Image-caption web data
§ §

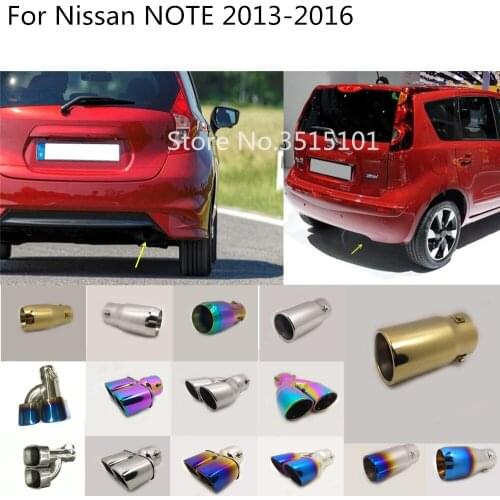 Car protect cover Stainless steel muffler pipe outlet dedicate exhaust tip tail 1pcs For Nissan NOTE 2013 2014 2015 2016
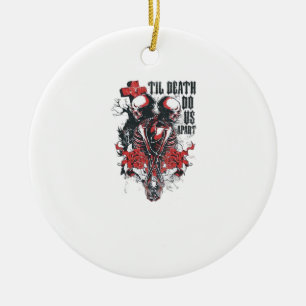 Décoration En Céramique Till Death Do Us Part - Minimalist Skeleton Art Fo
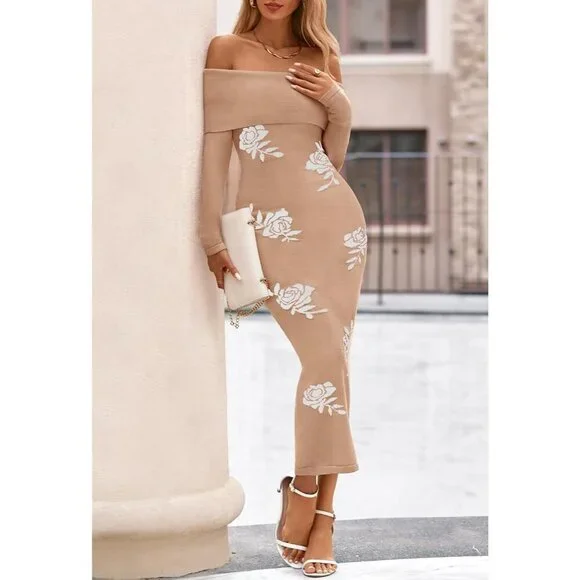 Women Off Shoulder Bodycon Sweater Dress Long Sleeve Party Midi Dress Khaki - Picture 5 of 9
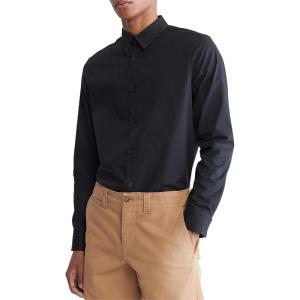 imageCalvin Klein Mens Stretch Cotton Monogram Logo Button Down ShirtBlack Beauty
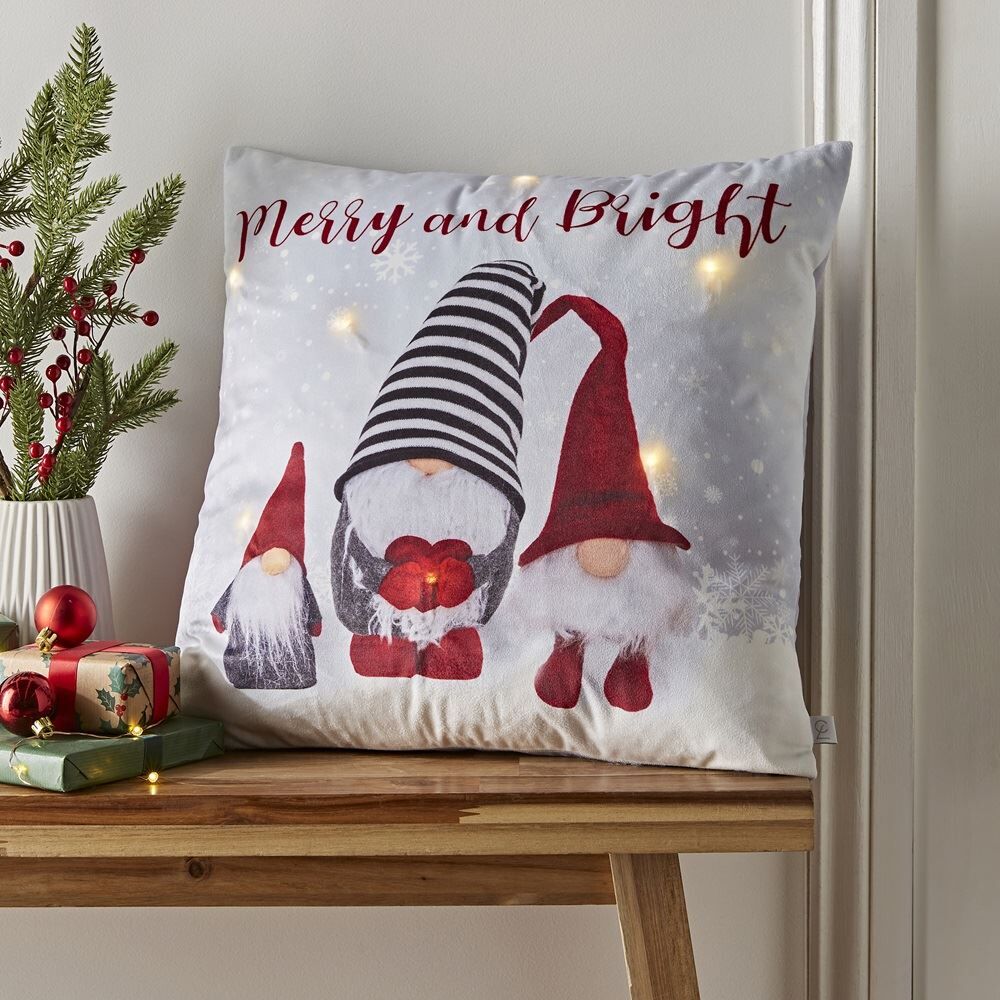 Catherine Lansfield Christmas Merry And Bright Gonks Light Up Filled Cushion, Natural, 45 x 45 Cm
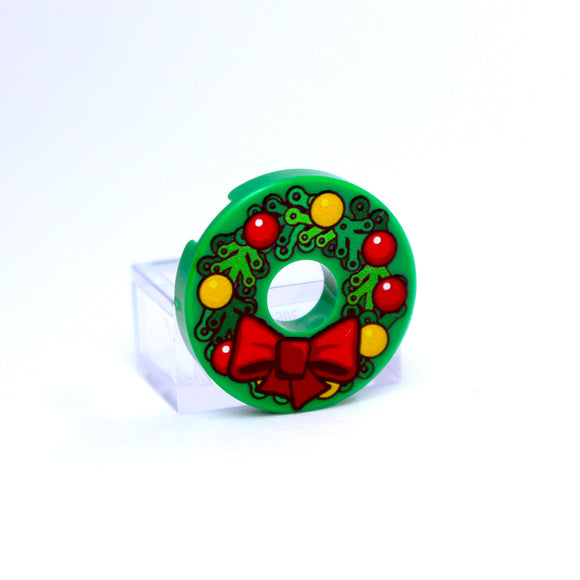2x2 Round - Christmas Wreath - Yellow and Red BallS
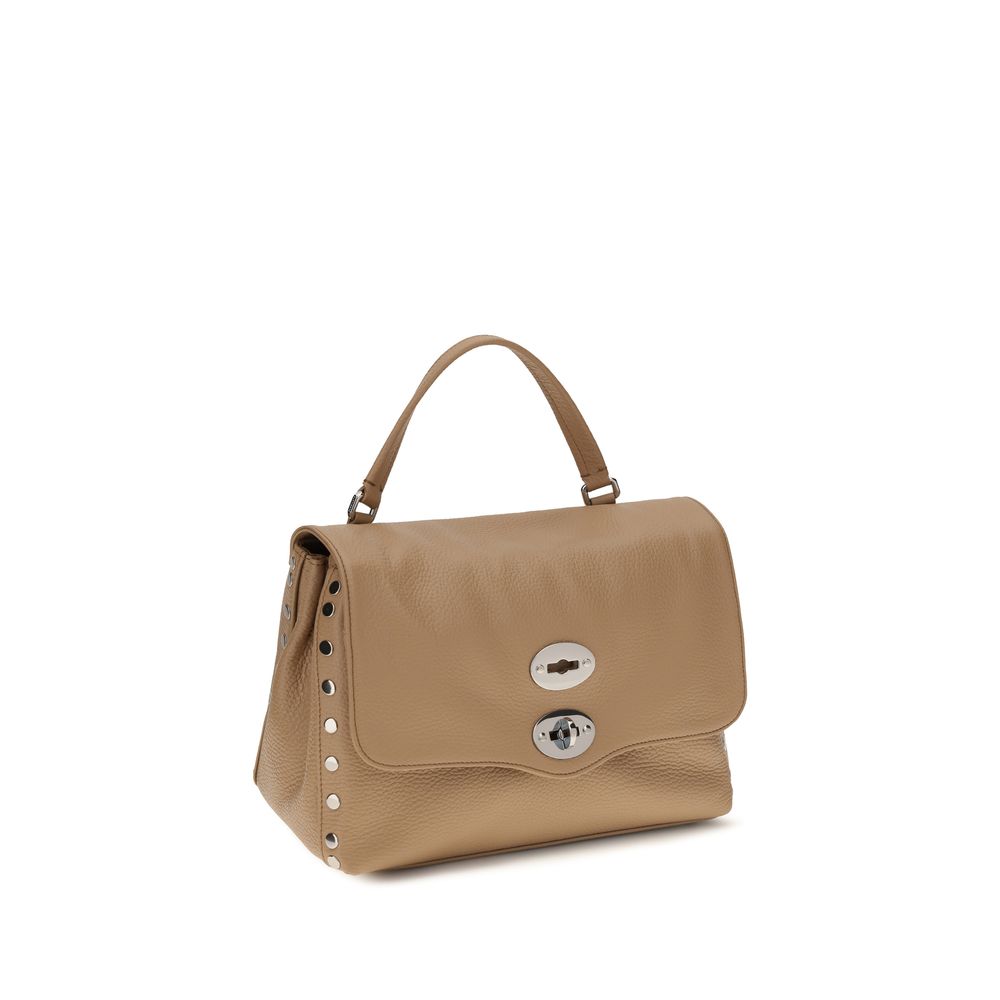 Beige Leather Postina Daily Handbag with Twist-Lock Closure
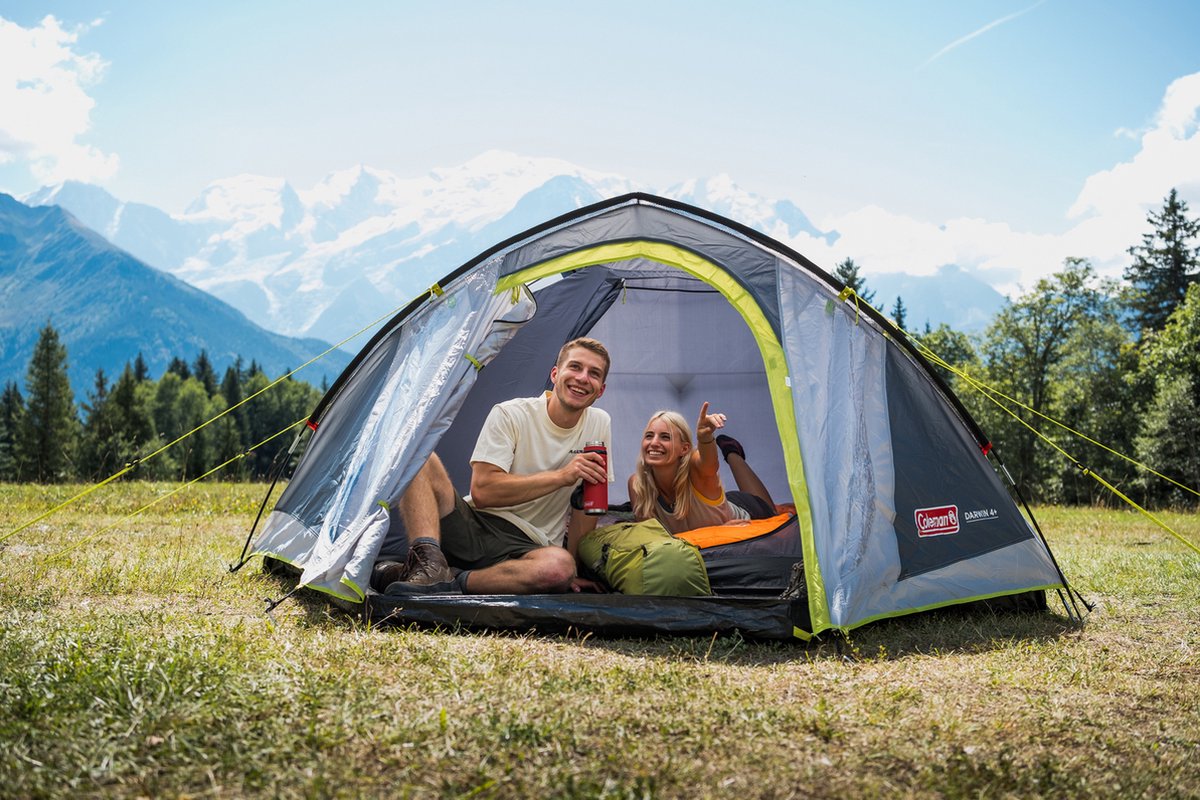 Coleman Darwin 4 Plus Koepeltent - tent 4 persoons - 3000 mm waterkolom - snel opzetten - Grijs – foto 7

§ §

**Task instructions:** Transcribe the entries from their first line to the line that holds "Women Off Shoulder", both included, and skip every picture.

**Written solution:**
 Car protect cover Stainless steel muffler pipe outlet dedicate exhaust tip tail 1pcs For Nissan NOTE 2013 2014 2015 2016
 Décoration En Céramique Till Death Do Us Part - Minimalist Skeleton Art Fo
 Women Off Shoulder Bodycon Sweater Dress Long Sleeve Party Midi Dress Khaki - Picture 5 of 9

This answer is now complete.